For an UAV relay $R_x$, the probability of including in the decoding set $\hat{\mathsf{\Phi }}$ depends on the distance from S to $R_x$. To be specific, the UAV relay $R_x$ is more likely to be contained in $\hat{\mathsf{\Phi }}$ when it is closed to S. Meantime, the channels between S and $R_x$ with different x are independent, then $\hat{\mathsf{\Phi }}$ can be regarded as an inhomogeneous PPP. The density of the point process is derived as

$$\begin{array}{cc}\hfill \hat{\lambda }\left(x\right)& ={\lambda }_{U}Pr\left(C_{S{R}_x}>C_{th}\right)\hfill \\ & ={\lambda }_{U}Pr\left(\frac{P_t{G}_{S{R}_x}{\left|h_{S{R}_x}\right|}^{2}L\left(d_{S{R}_x}\right)}{N_0}>2^{C_{th}}-1\right)\hfill \\ & ={\lambda }_{U}Pr\left({\left|h_{S{R}_x}\right|}^2>\frac{N_0\left(2^{C_{th}}-1\right)}{P_t{G}_{S{R}_x}L\left(d_{S{R}_x}\right)}\right)\hfill \\ & ={\lambda }_U{\displaystyle \sum _{j\in \left\{L,N\right\}}}{p}_j\left(r\right)\frac{\mathsf{\Gamma }\left(N_j,\frac{N_0\left(2^{C_{th}}-1\right)d_{S{R}_x}^{{\alpha }_j}}{P_t{G}_{S{R}_x}{C}_j}\right)}{\mathsf{\Gamma }\left(N_j\right)}\hfill \end{array}$$

(3)

where r is the horizontal distance from S to $R_x$.

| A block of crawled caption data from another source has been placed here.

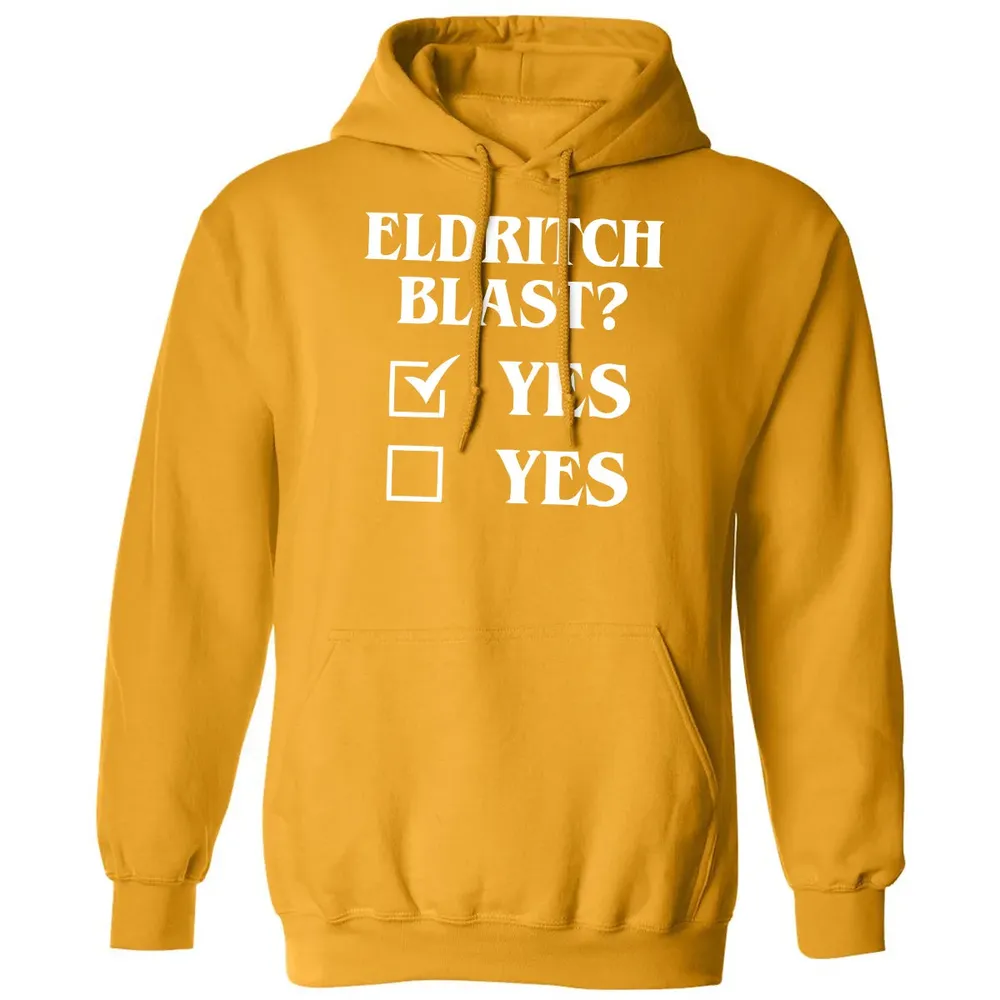 Eldritch Blast Yes Classic Unisex Hoodie - 12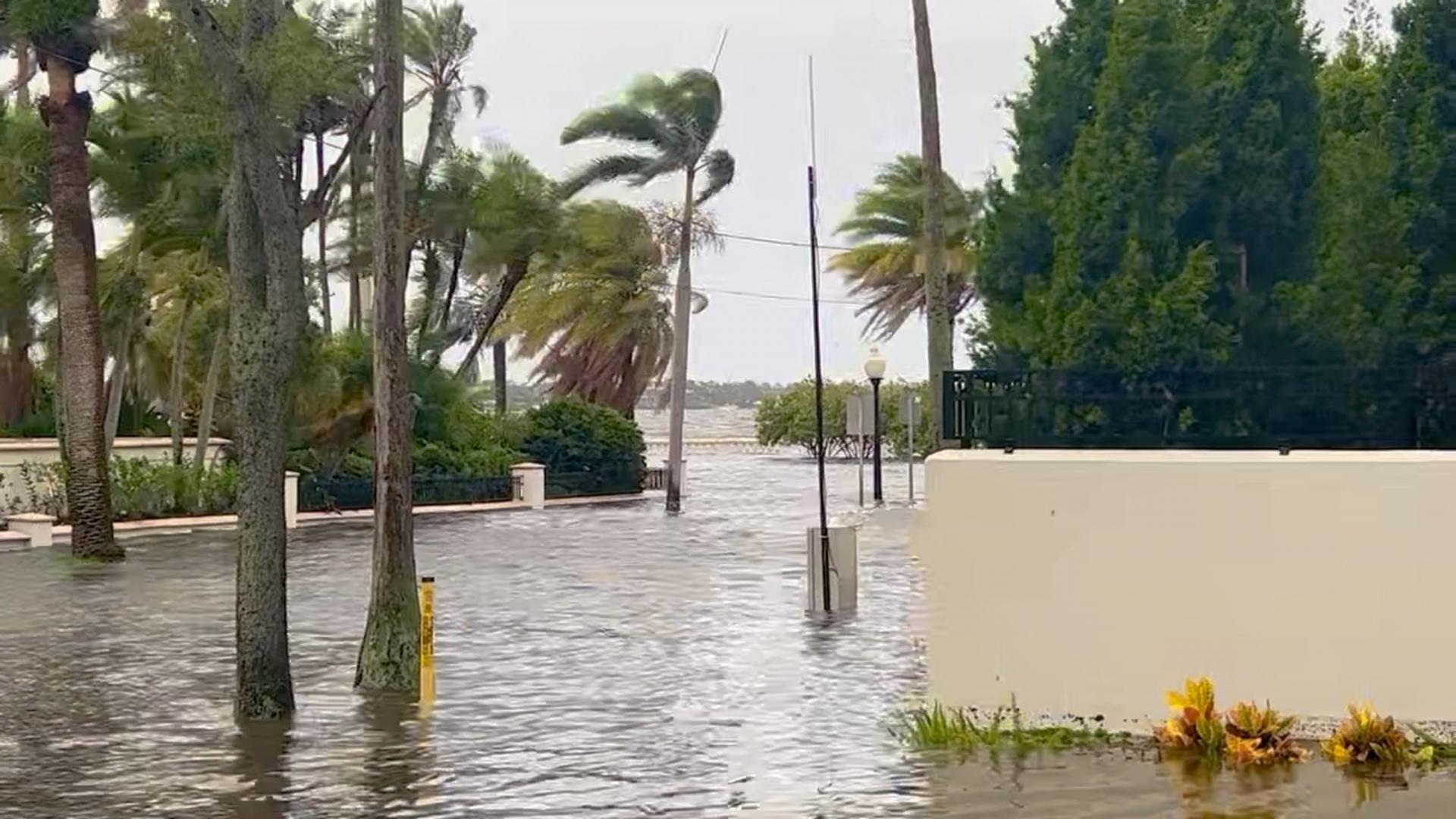 Idalia na Floride spôsobila spúšť, do Georgie dorazila ako hurikán prvej kategórie (foto)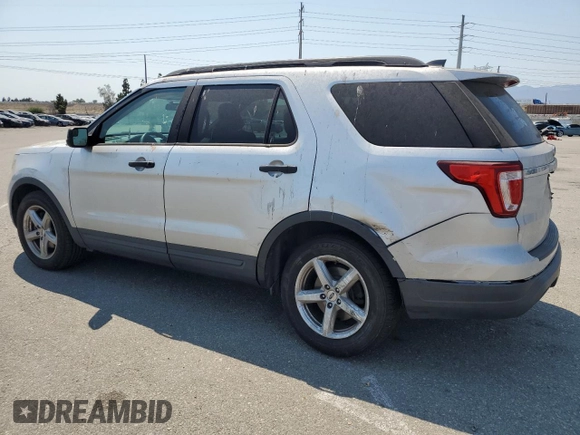 2019 Ford Explorer с VIN 1FM5K7B80KGA42167, выставлен на аукционе Copart как лот 65078945 с пробегом 105 751 миль миль и Списание • Salvage title. История ставок и продаж доступна на DreamBid. Изображение 2.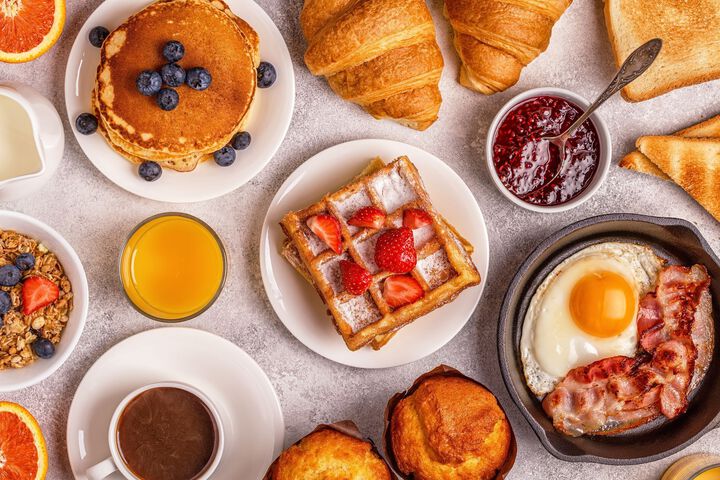 Breakfast/Coffee Service 16 of 61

The opportunistic relay selection assumes the selected UAV relay $R_0$, which offer the lowest path loss to D, is selected to forward S’s messages. It is easy to know that $R_0$ is the nearest relay in ${\hat{\mathsf{\Phi }}}_L$ (${\hat{\mathsf{\Phi }}}_N$) from D, where ${\hat{\mathsf{\Phi }}}_L$ (${\hat{\mathsf{\Phi }}}_N$) is the LOS (NLOS) decoding UAV relay set with density $p_L\left(r\right)\hat{\lambda }\left(x\right)$ ($p_N\left(r\right)\hat{\lambda }\left(x\right)$).

Lemma 1.

Denoting the horizontal distance from D to the nearest LOS (NLOS) UAV relay as $r_L$ ($r_N$), the PDF of $r_j$, $j\in \left\{L,N\right\}$ is presented as

$$f_{r_j}\left(r\right)=\sum _{i=1}^T{w}_i^{\left(\theta \right)}r{p}_j\left(r\right)\hat{\lambda }\left(r,{\theta }_i\right)e^{v_j\left(r\right)},$$

(4)

where T is the abscissas of the quadrature by using Gauss–Chebyshev integration, ${\theta }_i=\pi \left(1+cos\frac{\left(2i-1\right)\pi }{2T}\right)$, $w_i^{\left(\theta \right)}=\frac{\pi }{T}\sqrt{{\theta }_i\left(y-{\theta }_i\right)}$, and $v_j\left(r\right)$ is written as

$$v_j\left(r\right)=-\sum _{i,k=1}^T{w}_i^{\left(\theta \right)}{w}_k^{\left(r\right)}{r}_k{p}_j\left(r_k\right)\hat{\lambda }\left(r_{k,}{\theta }_i\right),$$

(5)

where $r_k=\frac{r}{2}\left(1+cos\frac{\left(2k-1\right)\pi }{2T}\right)$, $w_k^{\left(r\right)}=\frac{\pi }{T}\sqrt{r_k\left(y-r_k\right)}$.

Proof. 

See Appendix A. □

Lemma 2.

Giving that the selected UAV relay is LOS, the conditional PDF of $r_L$ is written as

$$g_{r_L}\left(r\right)=\frac{f_{r_L}\left(r\right)}{A_L}{e}^{{\nu }_N\left(max\left(0,\sqrt{{\left(\frac{C_N}{C_L}\right)}^{\frac{2}{{\alpha }_N}}{\left(r^2+H^2\right)}^{\frac{{\alpha }_L}{{\alpha }_N}}-H^2}\right)\right)},$$

(6)

where $A_L$ is the probability that $R_0$ is LOS, and its expression is given as

$$A_L=\sum _{k=0}^T{w}_k^{\left(r\right)}{e}^{{\nu }_N\left(max\left(0,\sqrt{{\left(\frac{C_N}{C_L}\right)}^{\frac{2}{{\alpha }_N}}{\left({r_k}^2+H^2\right)}^{\frac{{\alpha }_L}{{\alpha }_N}}-H^2}\right)\right)}{f}_{r_L}\left(r_k\right).$$

(7)

Proof. 

See Appendix B. □

Similar to (6), giving that the selected UAV relay is NLOS, the conditional PDF of $r_N$ is written as

$$g_{r_N}\left(r\right)=\frac{f_{r_N}\left(r\right)}{A_N}{e}^{{\nu }_L\left(min\left(Q,\sqrt{{\left(\frac{C_L}{C_N}\right)}^{\frac{2}{{\alpha }_L}}{\left(r^2+H^2\right)}^{\frac{{\alpha }_N}{{\alpha }_L}}-H^2}\right)\right)},$$

(8)

where $A_N=1-A_L$ is the probability that $R_0$ is NLOS.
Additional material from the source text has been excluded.